The GOP Has a Tech Talent Problem It Might Not Solve - rinze
http://www.wired.com/2015/10/why-the-gop-just-cant-kick-its-tech-talent-problem/
======
hga
Shallow diagnosis of the real problem: at this level, the GOP operates as a
set of almost fiefdoms of competing consultants who are only in it for
themselves. There's no party wide effort to develop something like Obama's
_pre-election_ micro-targeting system. Romney's pathetic ORCA is a good
example of an IT disaster, but it wasn't even playing most of the game the
Obama's system(s) were.

Heck, the 2009-2010 Republican National Committee's chairman Michael Steele
inexplicably terminated the famed party-wide Get Out The Vote (GOTV) system,
resulting in more than a few needless losses in the 2010 election and his
subsequent immediate removal from the position.
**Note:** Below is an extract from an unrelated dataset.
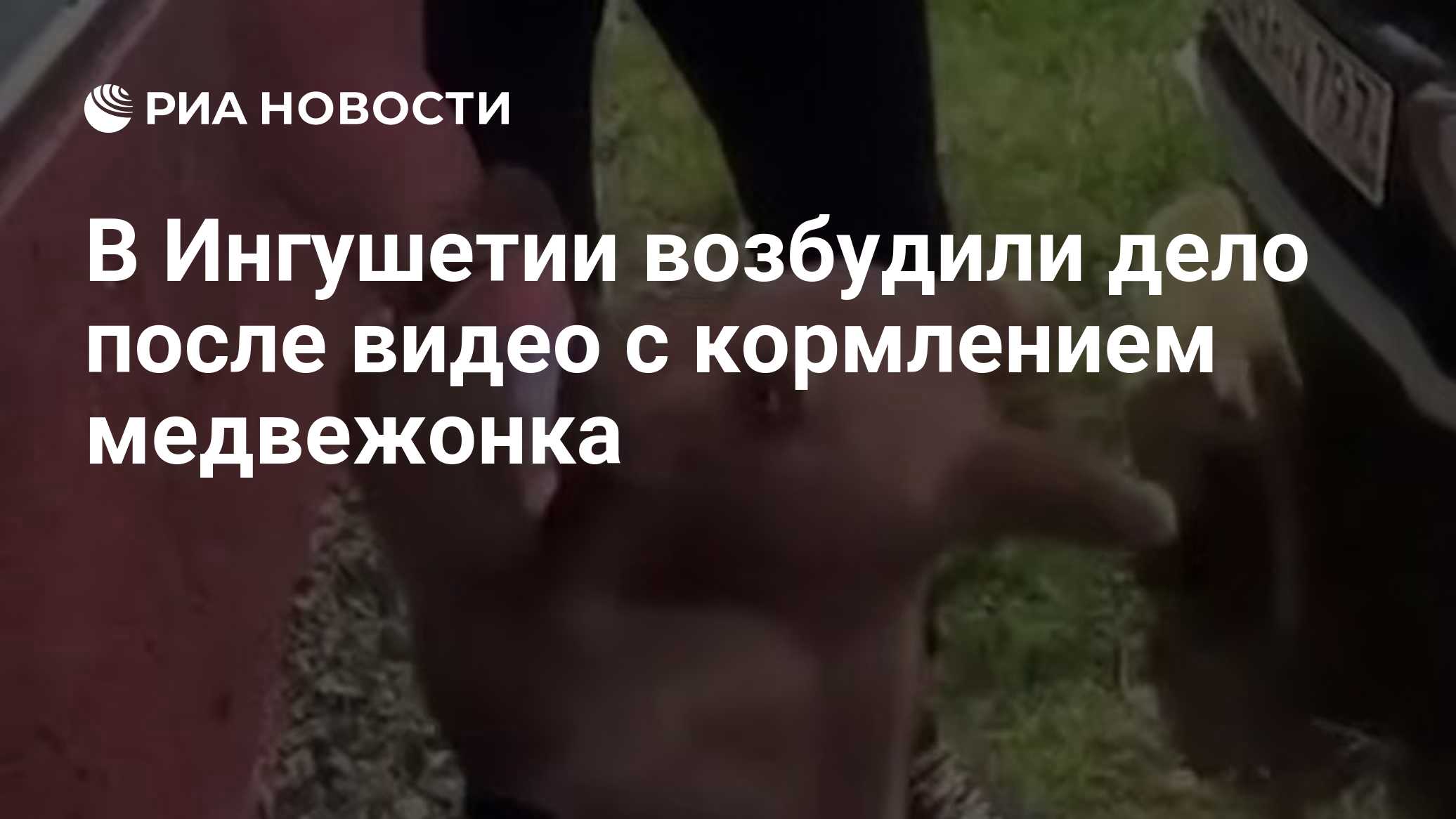 В Ингушетии возбудили дело после видео с кормлением медвежонка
I can go into _lots_ more detail, but right now, at the top, national level,
the party is well-neigh hopeless, e.g. see the donor-riot which has that part
of the party in vicious opposition with the base.

I'm not sure what it'll take to fix this, besides, you know, leadership, but
actually finding talent once one or more useful projects get started won't I
think be a great problem. It's, well, even realizing the need for those
projects by the powers that be in the first place that has to come first, and
we could well see a third party replace the Republican Party like they
replaced the Whigs for that to happen/by the time that happens.

------
27182818284
I'm glad Wired brought this up, because it is something that has been in the
back of my head since 2008 and was reinforced with the 2012 election. For
example take a look at [http://awsofa.info/](http://awsofa.info/) Especially
this from the article, “I don’t need 100,000 engineers,” he says. “I need 100
good ones.” And I think the GOP is going to have a serious time recruiting
those engineers in the next few election cycles.

I'm not convinced about what Moffat says here when he touches on name
recognition and the GOP candidates being newer being a problem compared to
Hillary:

    
    
        “I do envy the Democrats have had this six-year head start,” 
    

I think this is more than just name recognition. It is just far easier for me
to imagine a young Stanford graduate or Google employee jumping onto the the
Sanders, Obama, or Clinton campaigns because of issues rather than name
recognition. I follow developers from big products like Firefox, etc, and they
mock the GOP candidates—name recognition was not the problem.

------
Joof
Then maybe the GOP should start listening to issues that tech cares about?
They seem to oppose pretty much everything that tech people care about except
maybe lowering taxes (but does that ever happen anyway?).